M. Aksoy- Yukarıda ifâde ettiğim doktora tezim Türkiye’de hermeneutik yöntem ve disiplinler arası anlayışla yapılmış ilk tez olması ve ülkemizin çok önemli bir sorunu hakkında kültür sosyolojisi açısından yapılmış olması açısından önemlidir. Başbakanlık Aile Araştırma Kurumu adına Zakir Avşar ile saha çalışmasını yaptığımız ve yazdığımız çalışma da araştırmanın yöntemi ve sonuçları açısından son derece önemlidir. Diğer yandan Kosova, Moldova ve Romanya hariç, tamamen kendi imkânlarımla Tuva, Hakasya, Altaylar, Kazakistan, Kırgızistan, Özbekistan, Türkmenistan, Azerbaycan, Türkiye (defalarca saha çalışması yaptım ve yapıyorum) ve İran’da yaptığım ve önemli bir kısmını www.mustafaaksoy.com internet adresinde olan çalışmalarım kültür tarihi ve kültür sosyoloji açısından son derece önemli çalışmalardır. Bu araştırma hakkında yazdıklarım bazılarınca önemeli bulunmasa dahi, sahada derlediğim on bin (10.000) civarında fotoğrafla Türk kültürüne önemli kattılar yaptığımı düşünüyorum. Çünkü derlediğim belgelerin önemli bir kısmı birbirini hiç görmeyen okuyup-yazma bilmeyen, araştırma yapmayan, hiçbir siyasî ve bilimsel kaygı taşımayan insanların eseridir. Eğer bu belgelerin dilini anlayabilirsek Türk kültür coğrafyasını ve Türkiye’de 1980’den beri tartışılan ve çoğu zaman çatışmaya neden olan sorunların çözümüne çok önemli katkılar yapacağı düşüncesindeyim. Çok geniş bir coğrafyada yapılan saha araştırması -belki ilk çalışma- olması açısından da önemli bir çalışma olduğuna inanıyorum.
İ. Vurucu- Kültürümüz hakkında ne söylemek istersiniz?

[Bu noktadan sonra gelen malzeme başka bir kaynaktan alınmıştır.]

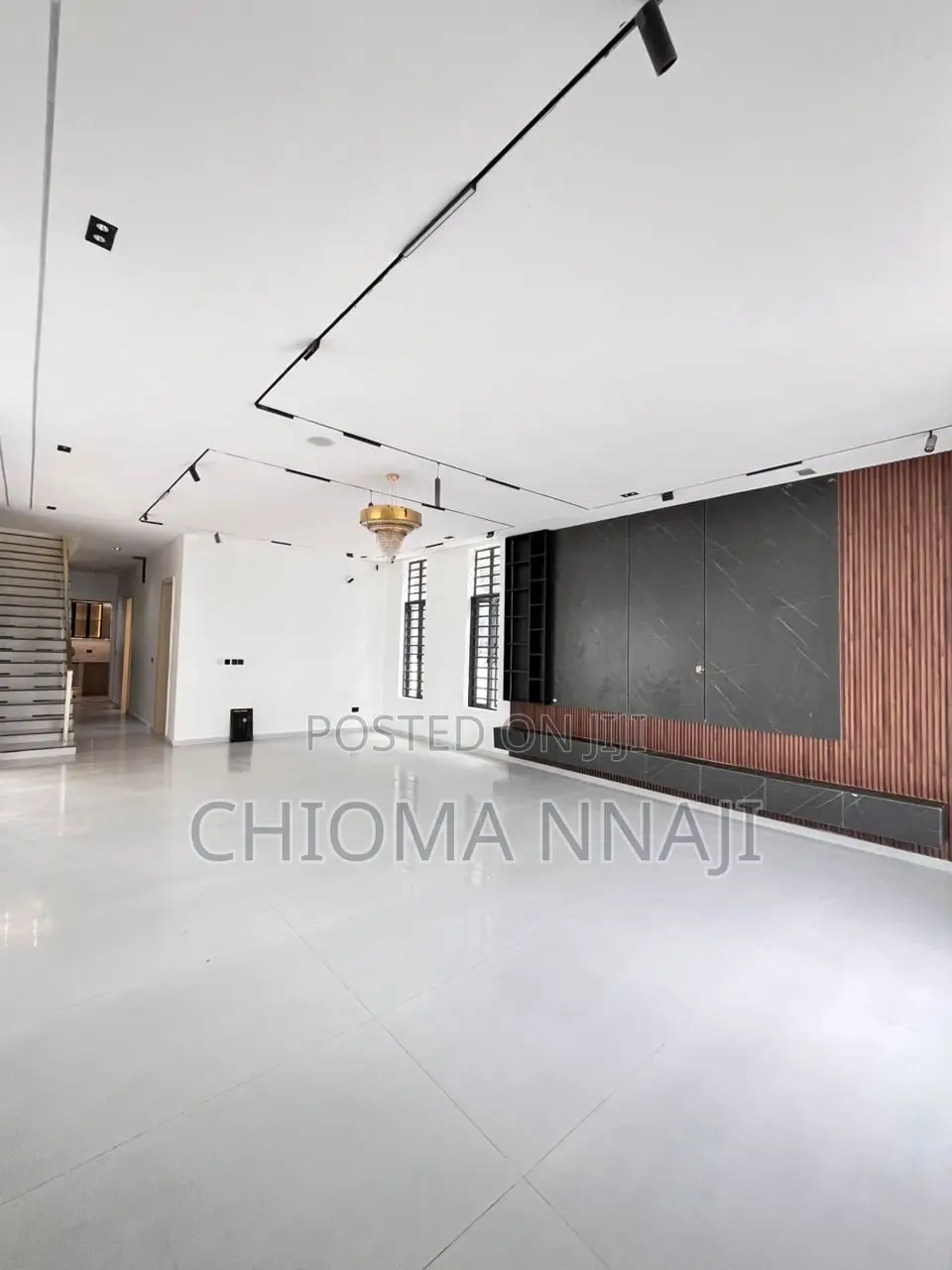 6bdrm House in Chevron for sale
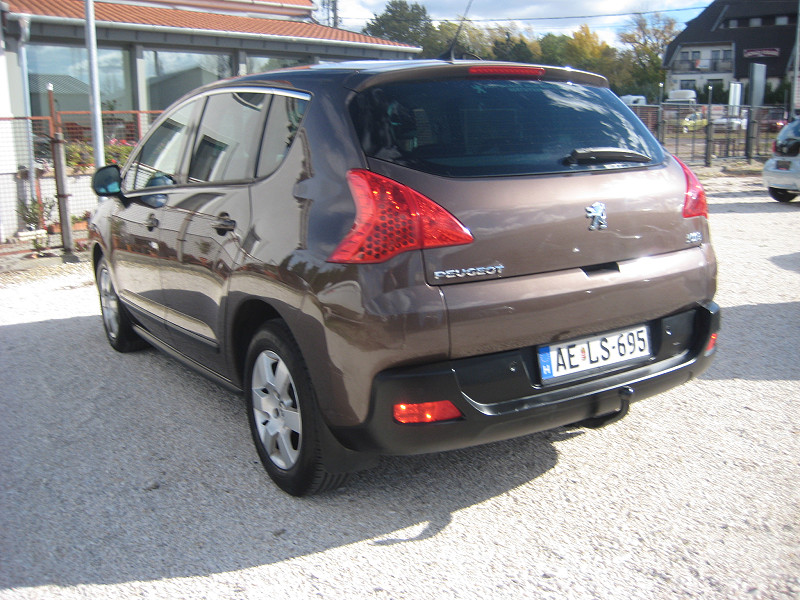 PEUGEOT 3008 1, 6 HDI VONÓHORGOS EURO5 2013/08 - 5. kép - TS Hungária Auto Trade Kft., Használtató-kereskedés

M. Aksoy- Türk kültürünün çok zengin ve geniş bir coğrafyada görülmesi dünyada çok kültüre nasip olmayan bir özelliktir. Ancak Türk kültürü hak ettiği yeri genelde iki nedenden dolayı yeterince alamamıştır. Birincisi Türk araştırmacılarının önemli ölçüde Türk kültürüne sağlıklı olmayan yaklaşımları, diğeri ise genelde Batılı araştırmacıların Türk kültürünü küçümseyen tavırlarıdır. Meselâ Türklerden başka hiçbir millet çok sayıda devlet kurmamıştır ve bu kadar geniş bir coğrafyada yaşamamıştır. Buna rağmen Türk olmayan ve Türk araştırmacıları tarafından Türkler, genelde önemli ölçüde özel bir kültürü olmayan ve göçebe olarak yaşayan insanlar olarak tanıtılmaya çalışılmıştır. Oysa devlet kurmak ve çok geniş bir coğrafyada az bir nüfusla var olmak, ileri bir kültür ve teşkilat yapısını gerektirir. Eğer bir devleti oluşturan millet, tarih sahnesinde şu andaki birçok devletten-milletten önce var olmuş ve çok geniş bir coğrafyada-dünyada hiçbir millete nasip olmayacak şekilde devletler kurmuş, var olmuşsa bunun bir anlamı olmalıdır. Eğer Türk olmanın ne olduğunu öğrenebilirsek ya da cevap aramaya çalışırsak, Türk kültürünün dünya kültürünü içindeki yerini anlamaya başlamış oluruz. Sonuç olarak tek cümleyle söylersek, Türk kültürünü önemini anlamak için diğer kültürlerle küçük bir mukayese yapmak yeterlidir.
*Makalenin yayımlandığı: 2023 Dergisi, Sayı 121, 2011.